As I’ve said before, we need to become more involved in the political process if we want things to get any better for cyclists in this city or this state. So today I emailed each of the candidates in the March 24 primary election, based on the list provided by the League of Women Voters, to offer them each an opportunity to use this blog to speak directly to the biking community.
Just as I did for the recent 5th Council District election, I will post their statements in the order I receive them, without edits or comments. It will be interesting to see which, if any, of the candidates respond — especially considering that we may have provided David Vahedi’s margin of victory in the council primary.
Dear Mr. or (Ms.) …
As you are aware, the election for California Senate District 26 is less than two weeks away, Yet many voters have only recently become aware of this election — let alone the candidates or their positions.

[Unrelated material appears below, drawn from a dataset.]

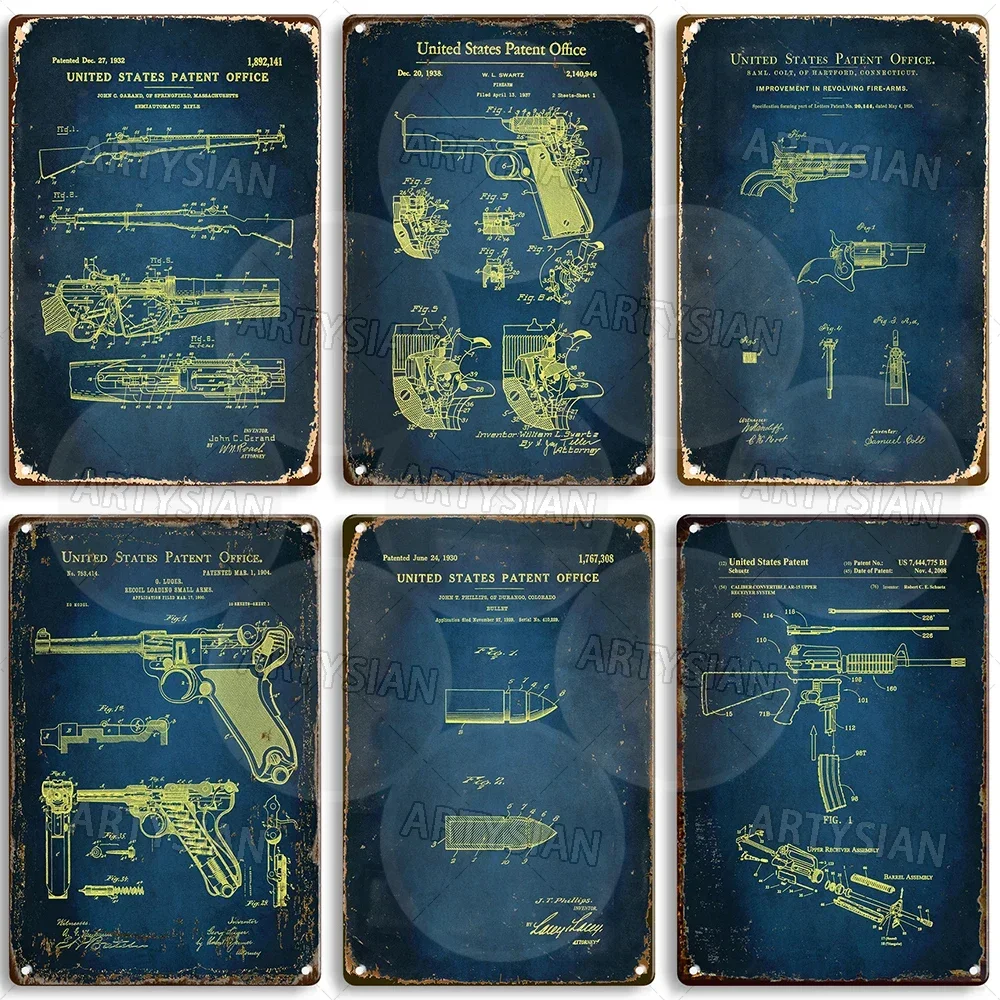 Gun Patent Metal Sign Samuel Colt Revolver Swartz Firearm M1 Garand Luger P08 Scope Browning Cartridge Shotgun Desert Eagle Gun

That gives you a unique opportunity to reach countless uncommitted voters; however, the concerns of one highly motivated voting group have largely been ignored up to this point.

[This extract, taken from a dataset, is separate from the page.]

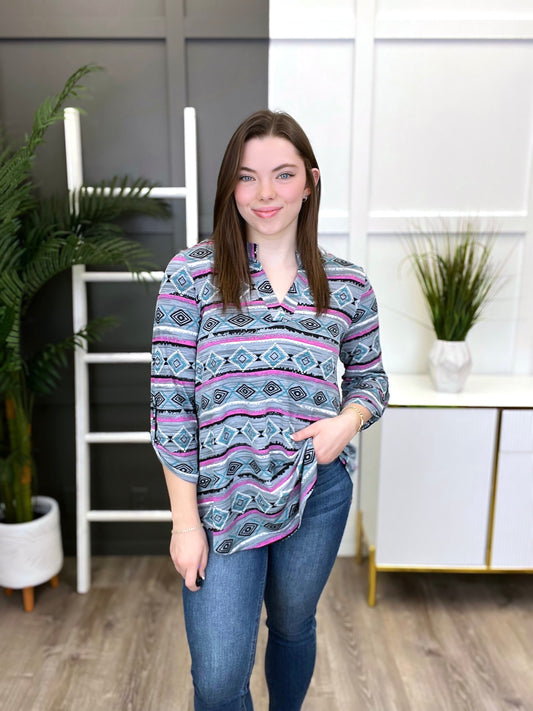 Dear Scarlett Women's Charcoal Aztec Print Lizzy Top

Thousands, of not tens of thousands, of registered voters in this district also ride bikes. Some, such as myself, ride for recreation and fitness. Others ride for social or environmental reasons, while for still others, cycling is their primary means of transportation.

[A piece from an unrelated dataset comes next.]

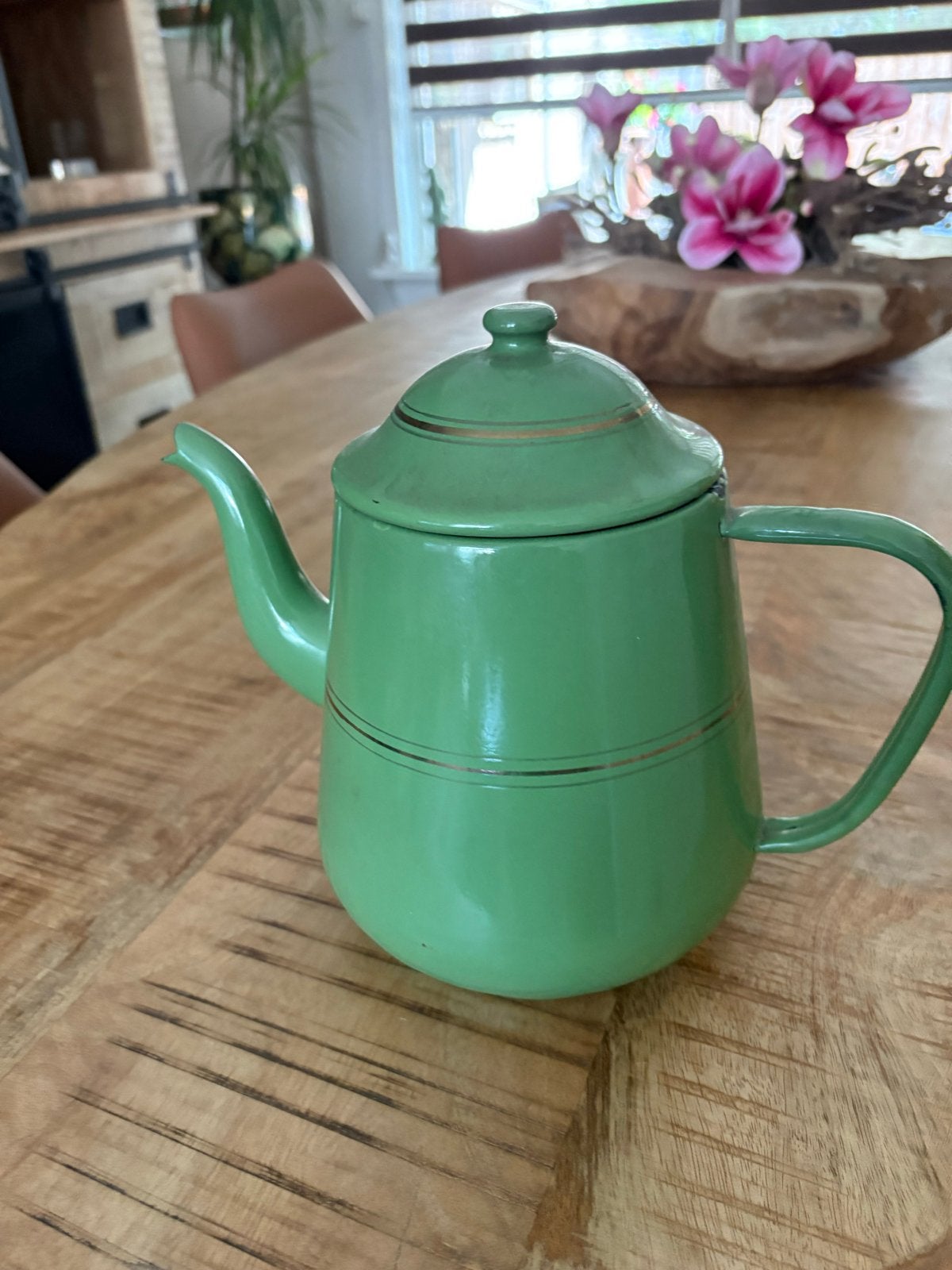 Vintage geëmailleerde koffie/theepot - Groen, Antiek en Kunst, Antiek | Emaille, Ophalen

Whatever their reason, virtually all are concerned with such vital issues as safe streets and improved infrastructure, clean air and fair, unbiased enforcement of traffic laws, along with meaningful reform of state laws to encourage greater participation in cycling and ensure our safety.
I am offering you, as well as the other candidates in the race, an opportunity to address a highly motivated, yet largely ignored, voter group — at no cost to your campaign.
As an active voter in this district, I also operate a popular blog about bicycling in Los Angeles. I will turn this forum over to your campaign for one day, in order to speak directly to the cycling community.
You are free to discuss anything you want, from the role bicycles can play in reducing traffic congestion, to seemingly unrelated issues such as crime rates or responsiveness to your future constituents. If you are an active cyclist, tell us. Or if you want to confront cyclists in some way, feel free. I will publish whatever you send — unedited and without comment — in the order that it’s received.
All I ask is that you send your statement to me in the body of your email or as a Word attachment, with a maximum of 1,000 words (although less is usually better online). You may also submit a small photo or campaign logo to appear along with your comments.
Of course, you’re under no obligation to participate; however, if some of the other campaigns submit a statement and you don’t, it could speak volumes to the biking community.
Besides, it’s free. So what do you have to lose?
PS — I recently made the same offer to the candidates in March 3rd primary for Los Angeles 5th City Council district; four of the six candidates, and two of the top three finishers, participated, including David Vahedi, who won by a margin of just 60 votes.
Gary points out that cycling is neither a Democratic or Republican issue; try telling that to Rush Limbaugh, who appears to have a different take on the matter. And even people who support cycling may not support cycling everywhere. Now Nevada is taking up a bicycle safety bill. Will points out that when bikeways are closed for construction, we should take the promised re-opening date with a grain — or possibly, a bag — of salt. Thanks to Streetsblog’s Ben Fried for tipping us to a great cartoon addressing the issue of cars stopping in the bikelane, while Damien asks if we’ll really see the city’s Bike Master Plan next month. And finally, Anonymous Cyclist offers a great explanation of what to do if you’re in a cycling accident.